Hi all,
I have generated a count matrix from a gDNA-seq experiment. The values in the matrix actually correspond to methylation levels in given gene in given cell. These levels were obtained after applying some log likelihood models to take into consideration the cell background methylation (just to give you a context, but that's not truly what matters here).
I would like to perform a clustering similar to what is done in scRNA-seq in order to annotate cell types but therefore based on methylation (there is a reasoning behind, it is not a random attempt).
Has anyone ever performed these types of analysis (not necessarily on methylation values, but on any data that aren't RNAseq) ?
I tried to first run a PCA (after the normalization, finding most variable features and scaling steps - because RunPCA of Seurat would not work without the layers generated by those steps) however it throws the following error:
Error: None of the requested features have any variance
Any help or insights would be much appreciated!
Thank you :)
I would skip Seurat entirely here (and generally), and rather use more transparent methods, such as the ones in the Bioconductor framework. Can you share an example of the data?
Thank you ATpoint and jared.andrews07 for your help :)
My data is really just a sparse matrix with genes as rows and cells as columns. The values are mostly between -3 and +3. When a gene in a given cell has a positive value, it means that the methylation fraction in gene is superior to the cell methylation fraction; and when it's negative it's the opposite.

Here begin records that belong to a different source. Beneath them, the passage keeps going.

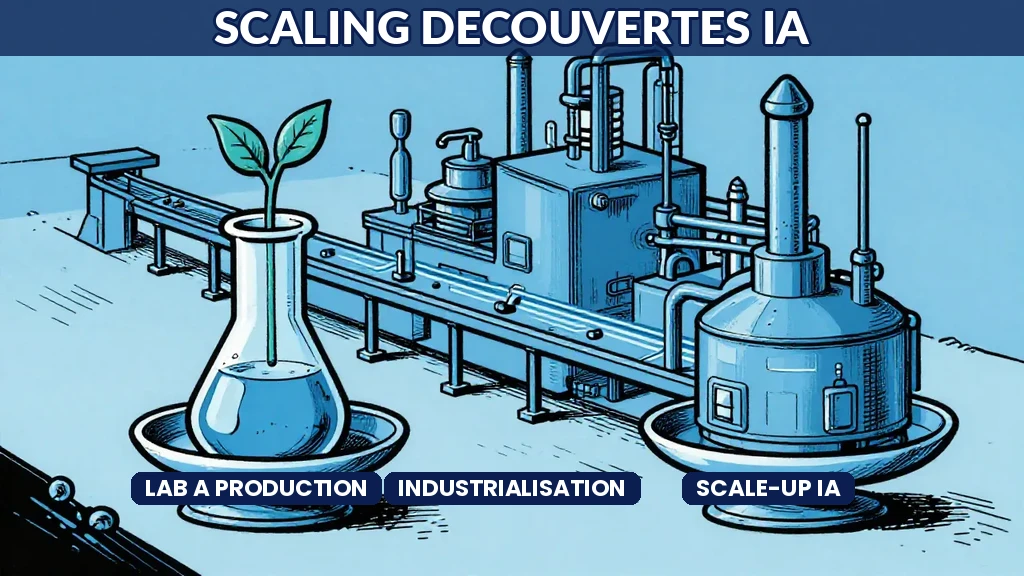 Schéma illustrant le passage du laboratoire à la production industrielle grâce à lintelligence artificielle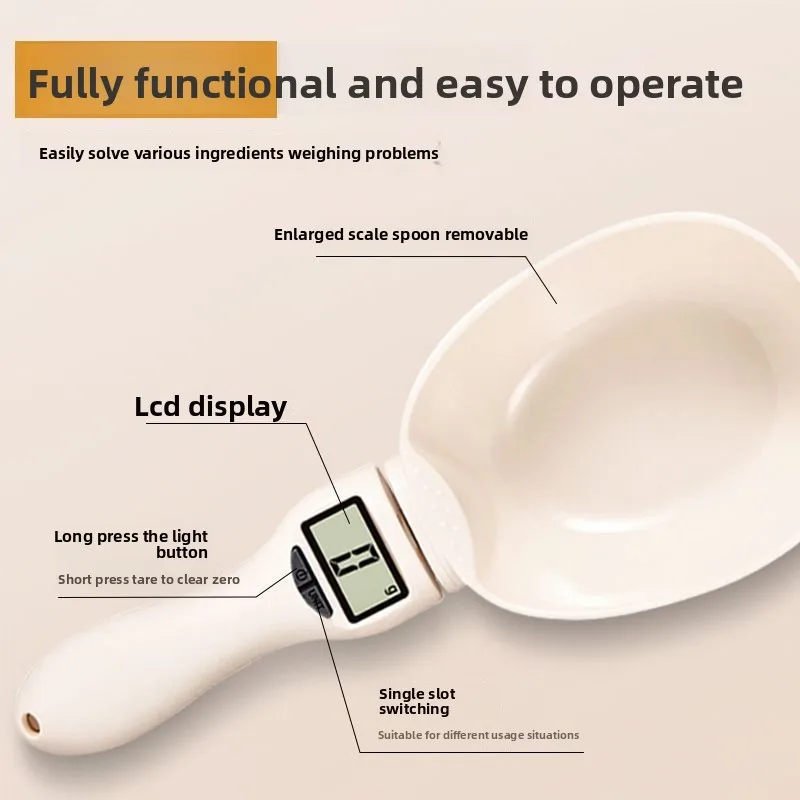 Cuchara báscula hogar pequeña Mini comida báscula electrónica cuchara medidora cocina gato perro comida básculas para mascotas - imagen 2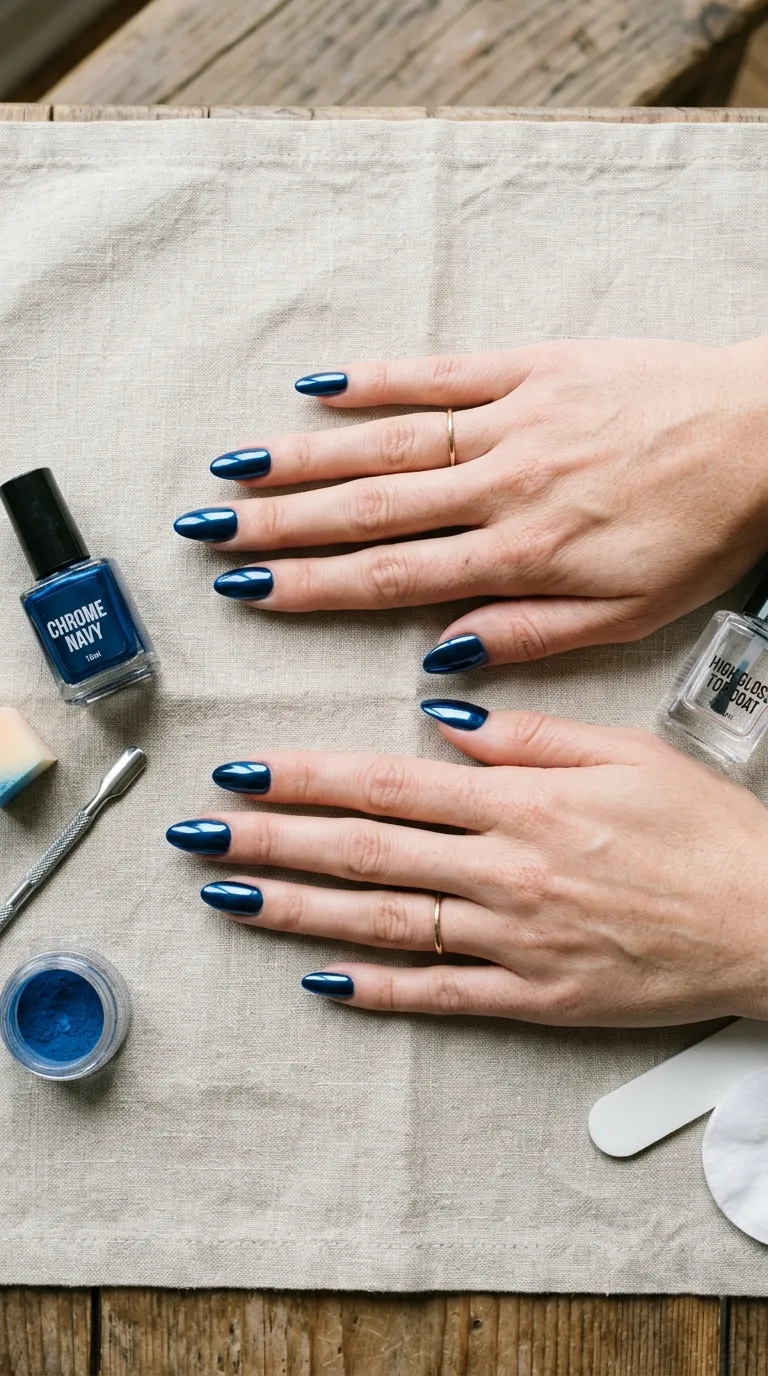Full navy chrome nails manicure set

In my experiment the gene methylation correlates with the gene expression, and therefore I want to check if I am able to annotate the cell types based on those methylation data. This is why I want to perform clustering.
Would Bioconductor framework work in that context? I have never used it so I don't know what I should use to be honest.
Thank you again for the time and advices; really appreciated
Sure, Bioc is generic. See for example as a guide here https://bioconductor.org/books/3.21/OSCA.basic/clustering.html#implementation
In the specific code examples they start from a SingleCellExperiment, but the help pages of the functions will show you that all the functions can also take generic inputs such as (sparse) matrix. It comes down to running feature selection, dimensionality reduction and then some sort of clsutering on your data.